I start planning most fishing missions by listening to the marine forecast. Foremost, it aids me significantly in judging whether it is safe to go out there or not. Further, it provides me with key information that I use to answer the two most important questions when it comes to fishing.
- When should I go fishing?
- Where should I go fishing?
If you are new to (land-based) fishing you might have many more questions but with a bit of experience and expertise it really only comes down to these two questions. I followed the forecast starting from Sunday and my plan was to go fishing, even if only for a couple of hours, some time in this week. We experienced strong (30-50 knots) and cold south-westerlies, together with showers, at times heavy, and a moderate easterly swell. The marine forecast is quite accurate, when you take the time to carefully listen to it, and it stated that the wind would turn from south-west to south-east on Wednesday and built up as of Thursday for the rest of the week.
The forecast for Wednesday was overcast, with a chance of morning showers, variable 5 knots, increasing in the evening, still more than a meter of swell on the east coast, low tide about 1500 o’clock, with a strong tidal stream.
In other words, it has been rough out there and it will be rough again, there is a window of opportunity on Wednesday, where I could fish anywhere comfortably but the east coast. But there is even more useful information if you put it all together. The entire Tryphena area (south-facing) got a battering by the sea for a few days. You can imagine that this results in more food being dispersed into the water, be it washed off from the rocks, like shellfish or crabs, or be it directed from the channel towards the shore.
When it is rough, bigger fish will come in close and use these conditions to their advantage, preying on bait fish that can lose their balance momentarily in the wash. Actually, this white water will allow them to come in close in stealth mode, without being noticed either by any prey and the land-based angler.
My plan was to fish a spot on the south-west coast, fish the outgoing tide, ideally 2-3 hours before low tide. A ledge with deep water right in front and a good current is ideal for a day with big tides.
Bait presentation is obviously important but I believe it is even more important to get a good trail of bait out there. I cut at least half of the 1 kg bag into tiny pieces which I throw into the water. You can catch any size snapper with pilchards, but it is always a good idea to attract some bait fish with a trail of food. Most of these pieces of pilchards will actually – if you don’t just throw it all far away from you – sink into the foul and weeds around the rocks and entice bigger fish to come in close.

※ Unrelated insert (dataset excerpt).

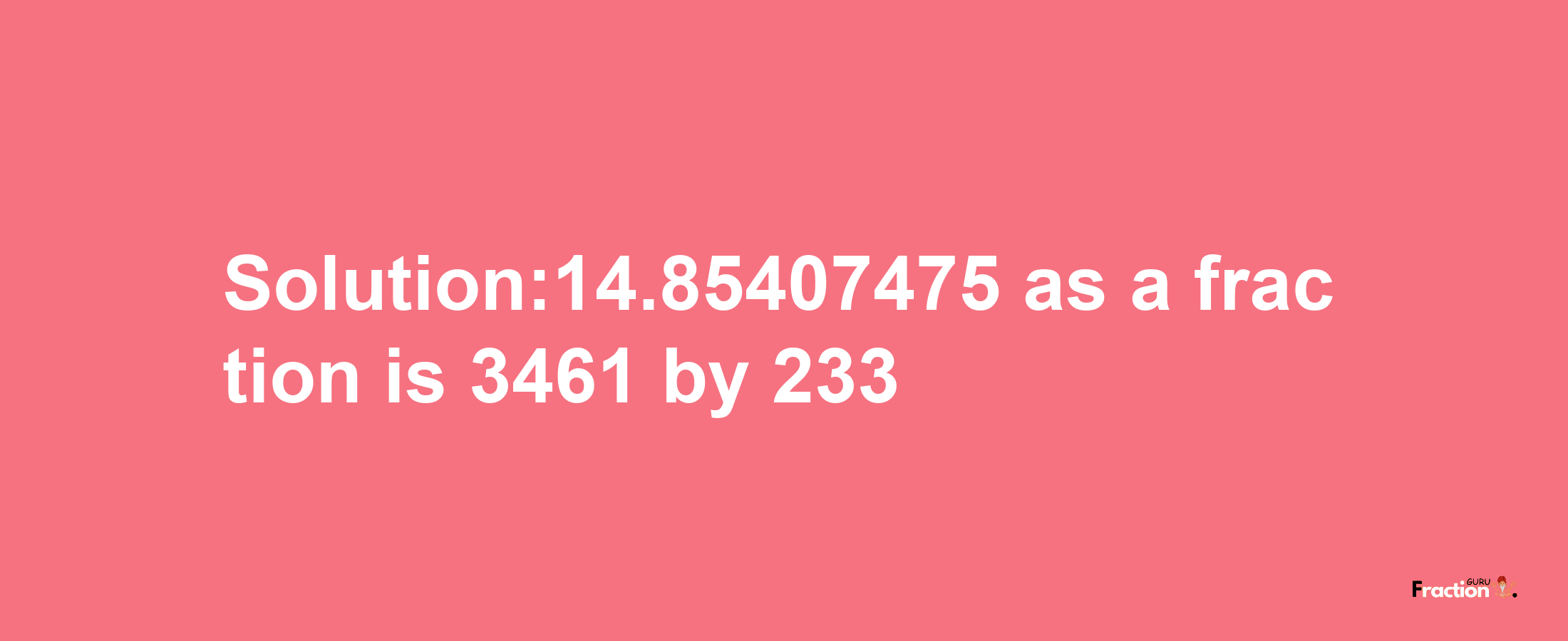 Solution:14.85407475 as a fraction is 3461/233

I don’t have the pictures here, but cubing pilchards resulted in small kahawai, a few decent snapper and two giant eagle-rays to come around. If you see rays right up close, hanging in the weeds, it means that the ground baiting has been successful.
The kahawai head went out straight away and I put the rod into the rod holder, whilst trying to catch more kahawai with the bait rod. However, it didn’t take long until I had a good take, but since it was only short-lived I left the rod in the holder. 5 minutes or so later I was sure to have something at the end of the line, but it behaved rather oddly. I started yanking and felt some sort of shallow hookup, and was pleased to see the following.

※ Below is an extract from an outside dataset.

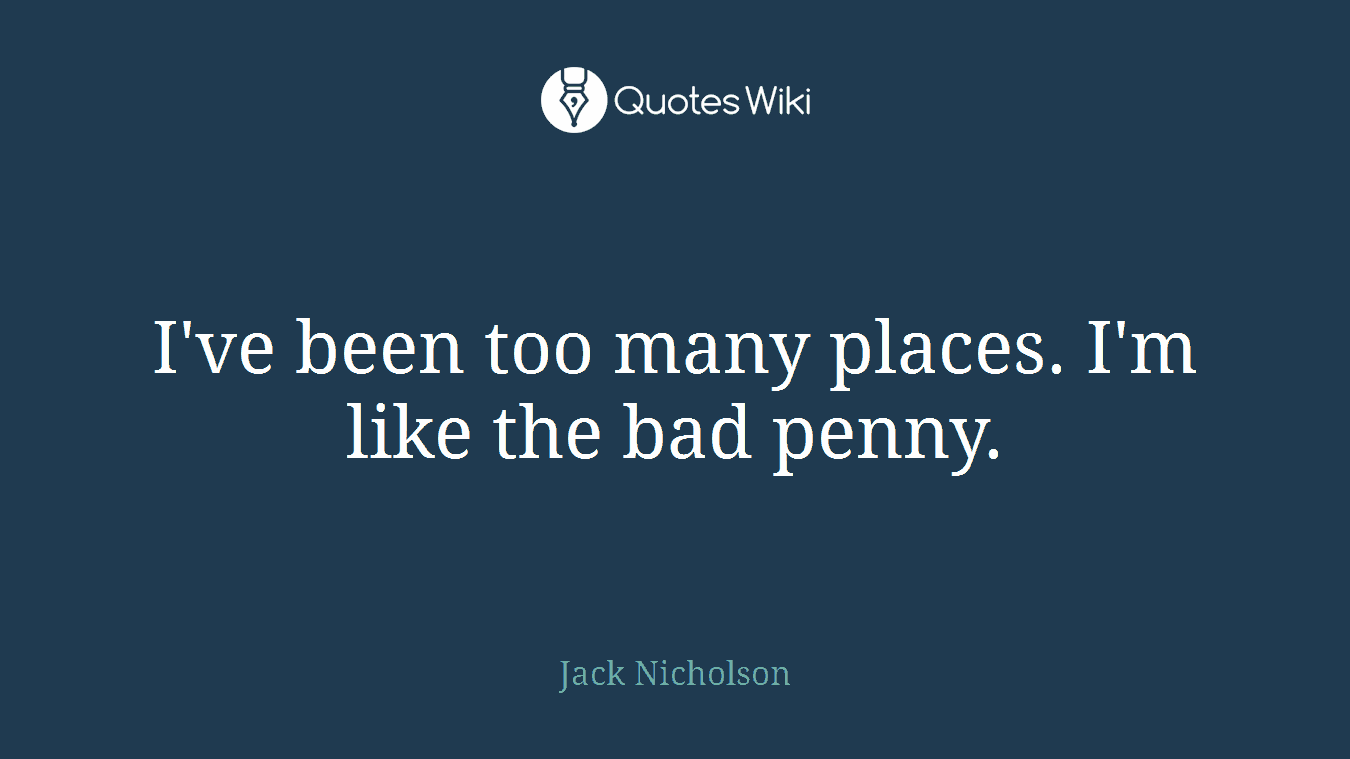 I've been too many places. I'm like the bad penny.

I had three snapper in the rock pool before starting to use the kahawai as bait. As I had hoped, the fresh bait yielded bigger fish. I ground baited the rest of the pilchards and noticed a big snapper feeding right in front of my feet. It took a few attempts but I hooked it and then two more snapper, and ended up releasing the red cod and three smaller snapper.
The biggest snapper was cut in half and both were fried in oil briefly on each side, then rapped in tin foil and allowed to cook for another 15 minutes on the fire place.